NEW YORK (Reuters Health) Nov 24 - Results of a functional MRI study demonstrate that several areas of the brain associated with reward processing respond differently to stimulation in patients with major depressive disorder (MDD).
Therefore, "the brain reward system may be an excellent target for novel treatment approaches in drug development research," Dr. Usoa E. Busto and colleagues propose in their report, published in the November Archives of General Psychiatry.
The authors define the brain reward system as "a neurobiological system that consists of extensive neural pathways that mediate reward behaviors such as pleasure and motivation." They theorize that this system "may represent a key neuroanatomical substrate of anhedonia, a core symptom of depression."
To test their theory, the researchers, all based at the University of Toronto, recruited 12 individuals with MDD who were not taking any antidepressant medication and 12 healthy control subjects.
All subjects underwent functional MRI before and 90 minutes after taking a 30-mg dose of dextroamphetamine, which was used as a dopaminergic probe to isolate the neuroanatomical areas involved in the altered brain reward system response.
The investigators observed that, based on a standardized test (the Addiction Research Center Inventory, ARCI), MDD subjects had a hypersensitive, 2-fold increased response to the rewarding effects of the drug. There was a positive correlation between ARCI scores and measures of anhedonia.

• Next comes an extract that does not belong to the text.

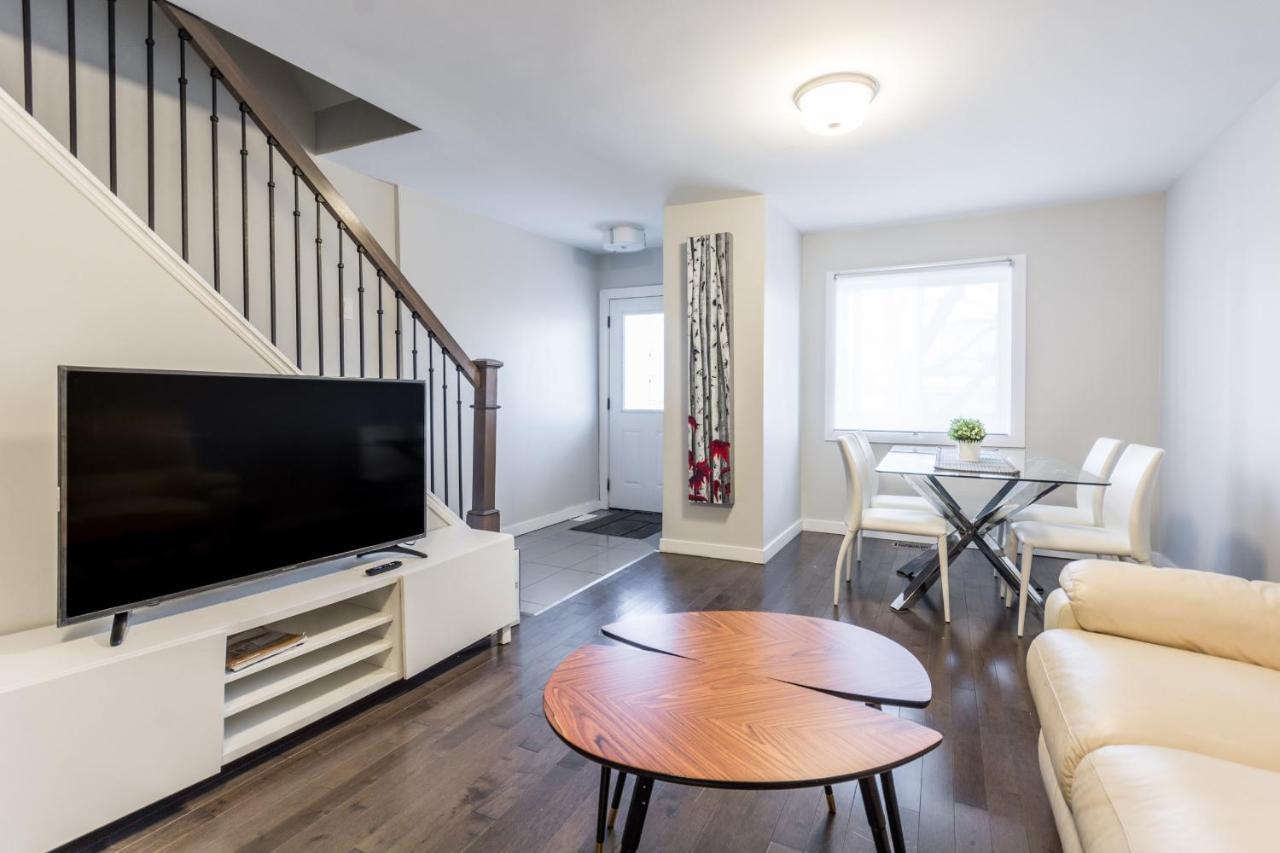 Spacious 3 Bdrm Home Near Downtown Отава Екстериор снимка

MDD subjects exhibited significantly decreased activation following dextroamphetamine administration in dopamine-rich regions of the brain. Specifically, these involved the right ventrolateral prefrontal cortex, the left and right caudate and putamen, the left orbitofrontal cortex, and the supplementary motor cortex and premotor cortex. Increased activation was observed in the left and right temporal pole.
"Results of this study provide support for the involvement of dopaminergic mechanisms in the altered reward processing in MDD," Dr. Busto's group maintains.
Arch Gen Psychiatry 2005;62:1228-1236.